Davis sued the Federal Election Commission, claiming that the “Millionaires’ Amendment” of the Bipartisan Campaign Reform Act of 2002 (BCRA), 2 U.S.C. § 441a-1 (2002) violates the First Amendment by chilling the speech of self-financed candidates and the Equal Protection Clause of the Fifth Amendment by giving the opponents of self-financed candidates a competitive advantage. Davis was the 2006 Democratic Party candidate for New York’s 26th District seat in the United States House of Representatives. The Millionaire's Amendment relaxes the contribution limits for a candidate who faces a wealthy opponent who spends his own personal fortune towards his bid for office. It also permits a political party to spend more on behalf of the candidate facing a self-financed opponent. Once a self-financed candidate spends more than $350,000 of his personal funds on a campaign, his opponent can (1) receive contributions at three times the limit for each donor that would otherwise be in place; (2) receive contributions from individuals who have reached what would otherwise be their statutory limit for aggregate campaign donations; and (3) coordinate with his political party on additional party expenditures that would otherwise be limited.

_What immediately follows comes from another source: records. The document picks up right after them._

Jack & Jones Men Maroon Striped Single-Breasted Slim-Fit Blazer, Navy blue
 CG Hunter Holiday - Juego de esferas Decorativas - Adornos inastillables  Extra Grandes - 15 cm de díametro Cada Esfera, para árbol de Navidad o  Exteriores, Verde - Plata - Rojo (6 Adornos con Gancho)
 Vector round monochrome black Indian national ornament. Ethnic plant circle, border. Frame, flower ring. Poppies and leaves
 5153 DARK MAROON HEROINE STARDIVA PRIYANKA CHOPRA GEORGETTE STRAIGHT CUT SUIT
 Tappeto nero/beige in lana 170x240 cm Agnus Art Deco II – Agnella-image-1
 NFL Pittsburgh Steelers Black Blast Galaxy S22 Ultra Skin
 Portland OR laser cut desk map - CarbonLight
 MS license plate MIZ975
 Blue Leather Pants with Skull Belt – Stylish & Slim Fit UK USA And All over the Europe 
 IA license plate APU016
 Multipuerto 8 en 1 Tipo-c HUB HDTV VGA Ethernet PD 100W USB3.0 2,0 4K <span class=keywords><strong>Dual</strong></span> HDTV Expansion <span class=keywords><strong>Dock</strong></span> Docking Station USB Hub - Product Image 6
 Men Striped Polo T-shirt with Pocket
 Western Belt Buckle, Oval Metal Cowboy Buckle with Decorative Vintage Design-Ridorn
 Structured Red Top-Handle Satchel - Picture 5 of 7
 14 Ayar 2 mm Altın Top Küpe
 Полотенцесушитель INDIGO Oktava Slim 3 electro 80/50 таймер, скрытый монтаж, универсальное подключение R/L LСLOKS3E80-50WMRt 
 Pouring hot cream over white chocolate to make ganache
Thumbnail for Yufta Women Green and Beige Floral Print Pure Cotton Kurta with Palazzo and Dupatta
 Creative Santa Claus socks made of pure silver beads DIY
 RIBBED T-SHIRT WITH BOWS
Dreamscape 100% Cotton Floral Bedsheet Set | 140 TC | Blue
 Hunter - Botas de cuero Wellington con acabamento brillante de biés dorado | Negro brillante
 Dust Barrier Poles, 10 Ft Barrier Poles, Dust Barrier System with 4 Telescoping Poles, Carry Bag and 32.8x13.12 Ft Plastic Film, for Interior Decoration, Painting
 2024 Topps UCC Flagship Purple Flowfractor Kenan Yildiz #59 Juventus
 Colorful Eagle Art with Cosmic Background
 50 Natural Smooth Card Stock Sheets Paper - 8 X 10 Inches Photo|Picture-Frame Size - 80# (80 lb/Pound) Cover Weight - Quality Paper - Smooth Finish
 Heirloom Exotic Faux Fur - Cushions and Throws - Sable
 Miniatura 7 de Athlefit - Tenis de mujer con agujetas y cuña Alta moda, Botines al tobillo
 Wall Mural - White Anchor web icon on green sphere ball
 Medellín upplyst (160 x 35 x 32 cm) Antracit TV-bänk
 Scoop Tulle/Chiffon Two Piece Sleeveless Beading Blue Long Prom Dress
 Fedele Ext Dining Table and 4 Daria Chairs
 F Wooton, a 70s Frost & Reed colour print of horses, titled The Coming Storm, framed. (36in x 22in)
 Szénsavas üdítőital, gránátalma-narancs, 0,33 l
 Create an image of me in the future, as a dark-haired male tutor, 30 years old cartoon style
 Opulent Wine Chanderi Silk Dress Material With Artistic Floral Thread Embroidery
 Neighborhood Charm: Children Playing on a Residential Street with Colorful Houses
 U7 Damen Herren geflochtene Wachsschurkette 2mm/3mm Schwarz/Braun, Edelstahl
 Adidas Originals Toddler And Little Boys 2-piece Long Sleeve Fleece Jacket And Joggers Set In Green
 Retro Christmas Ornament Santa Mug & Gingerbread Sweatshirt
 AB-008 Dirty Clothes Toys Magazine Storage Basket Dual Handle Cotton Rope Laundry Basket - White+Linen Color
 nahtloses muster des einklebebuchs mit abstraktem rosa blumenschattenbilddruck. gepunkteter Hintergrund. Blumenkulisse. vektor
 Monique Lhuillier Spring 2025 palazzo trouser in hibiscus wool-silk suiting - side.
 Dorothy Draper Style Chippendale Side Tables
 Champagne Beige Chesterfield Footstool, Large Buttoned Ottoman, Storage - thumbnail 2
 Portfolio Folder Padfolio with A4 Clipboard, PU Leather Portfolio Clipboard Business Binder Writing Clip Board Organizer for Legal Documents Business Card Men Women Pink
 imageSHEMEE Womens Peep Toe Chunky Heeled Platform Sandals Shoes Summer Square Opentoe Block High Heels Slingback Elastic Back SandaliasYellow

A three-judge panel of the district court held that the Millionaire's Amendment violated neither the First Amendment nor Equal Protection. The First Amendment challenge failed because the Millionaires’ Amendment does not “burden[] the exercise of political speech.” It places no restrictions on a candidate’s ability to spend unlimited amounts of his personal wealth to communicate his message to voters, nor does it reduce the amount of money he is able to raise from contributors. The Equal Protection claim failed because Davis could not show that the statute burdened similarly situated candidates differently. By trying to reduce the disparity between wealthy and less wealthy candidates, Congress did not violate the Equal Protection clause.
Questions Presented:
Section 319 of the Bipartisan Campaign Reform Act of 2002 created the so-called “Millionaires’ Amendment.” The three-judge district court found that Congress enacted section 319 to achieve equity between congressional candidates utilizing personal funds for their campaigns and candidates relying mainly on contributed funds. Under the statute, when candidates for the United States House of Representatives exceed $350,000 in personal campaign expenditures their opponents may be entitled to receive: 1) contributions from donors at triple the statutory limit; 2) contributions from donors who have reached their statutory limit for aggregate campaign donations; and 3) coordinated expenditures from party committees in excess of the statutory limit. To effectuate application of section 319, the statute also imposes significant notification and disclosure obligations upon self-financed candidates. The questions presented are:
1. Whether the three-judge district court erred in finding that Congress’s attempt to equalize a potential imbalance in resources between congressional candidates violates neither the First Amendment to the United States Constitution nor the Equal Protection Clause of the Fifth Amendment.
2. If equalizing a potential imbalance in resources of congressional candidates is constitutional, whether the federal statutory provision accomplishes the stated purpose.